- Full HD display
- 3GB of RAM
- 13-Megapixel Camera
- 3x Optical zoom
- Looks stylish
- Great build
- Crisp display
- Camera requires a bit of tweaking
- Runs an older version of Android
Smartphone manufacturers are trying really hard to provide the same experience of point-and-shoot cameras right on their smartphones. This year, ASUS has introduced its first ever camera-centric smartphone, the ZenFone Zoom ZX551ML. The company claims the ZenFone Zoom to be the thinnest phone with 3X optical zoom.
ASUS has teamed up with Intel for its processor, and for its camera, the company has focussed on optics, sensors and software, instead of simply going with more megapixels. The camera also features laser autofocus and OIS, apart from having many other imaging options. Equipped with 128GB of onboard storage space, you’ll seldom run out of space. While the ZenFone Zoom runs Android 5.0 Lollipop presently, the Marshmallow update is expected to follow soon.
On paper, the ZenFone Zoom seems like a well-rounded device, but does it stand true to everything it claims? Let’s take a closer look.
The ZenFone Zoom strays away from the typical design of smartphones in the ZenFone series which give you an option to choose from glossy and matte back covers. Instead, the ZenFone Zoom comes with machined aluminium frame and leather finish on its rear panel to give a premium look and feel. On its rear, the camera module is quite dominant, which immediately reminds one of the Nokia Lumia 1020 with its camera hump. However, unlike the Lumia 1020, the ZenFone Zoom is not a large phone and can be used easily with one hand. The back cover is removable, underneath which are the slots for the microSD card and SIM card.
Below the display are the capacitive keys, which have a faint silver outline without any backlight that can be a bit of a hindrance when using the phone in the dark. The dedicated buttons for the camera and video recording keys are on the right edge.
ASUS continues its standard practice of using a 5.5-inch LCD display with a resolution of 1080p, which translates to a decent pixel density of 403 PPI. Images and text on the display appear crisp, whereas colours look balanced. The viewing angles of the screen are great thanks to its IPS panel. The display uses Corning Gorilla Glass 4 technology to protect it from scratches and ASUS TrueVivid technology to deliver vibrant colours. Although the display is legible in bright sunlight, you might have to increase the brightness level up a bit.

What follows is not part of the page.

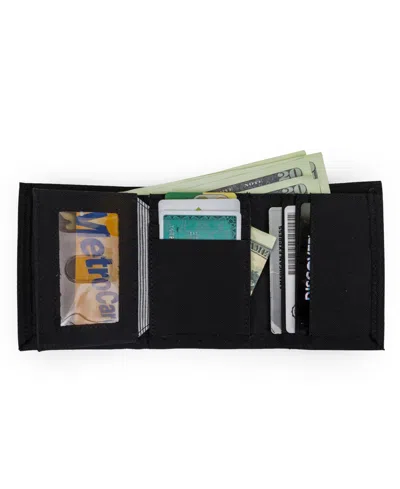 Timberland Men's Nylon Trifold Leather Wallet In Black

The ZenFone Zoom made its first appearance at the CES (an international electronics and technology show held annually) in 2015 but made it to Indian market this year. The Zoom features a 64-bit quad-core Intel Atom Z3590 mobile chipset with 4GB of LPDDR3 RAM. It has 128GB of onboard flash storage and you can further expand with up to 128GB microSD card. One can use a 4G-enabled SIM for the phone supports the Indian LTE bands - Band 3 (1800MHz) and Band 40 (2300MHz). Faster downloads are ensured with the help of dual-band Wi-Fi (802.11 a/b/g/n/ac) support. You can make the best of the Wi-Fi Direct for faster wireless file transfers instead of relying on Bluetooth. Nonetheless, it also features Bluetooth v4.0 with A2DP and EDR add-ons. The phone packs a GPS chip to support the location-based services. Along with that, the usual bunch of sensors such as accelerometer, gyroscope, proximity, ambient light and hall sensors. There is an NFC chip for file transfer authentication, apart from its other uses. The primary camera comprises of a 13-megapixel SmartFSI image sensor manufactured by Panasonic. It is coupled with a 10-element lens manufactured by the Japanese company, Hoya. At the front is a 5-megapixel wide-angle camera that allows you to take selfies. On paper, the Zoom has all the features that one would expect from a high-end smartphone.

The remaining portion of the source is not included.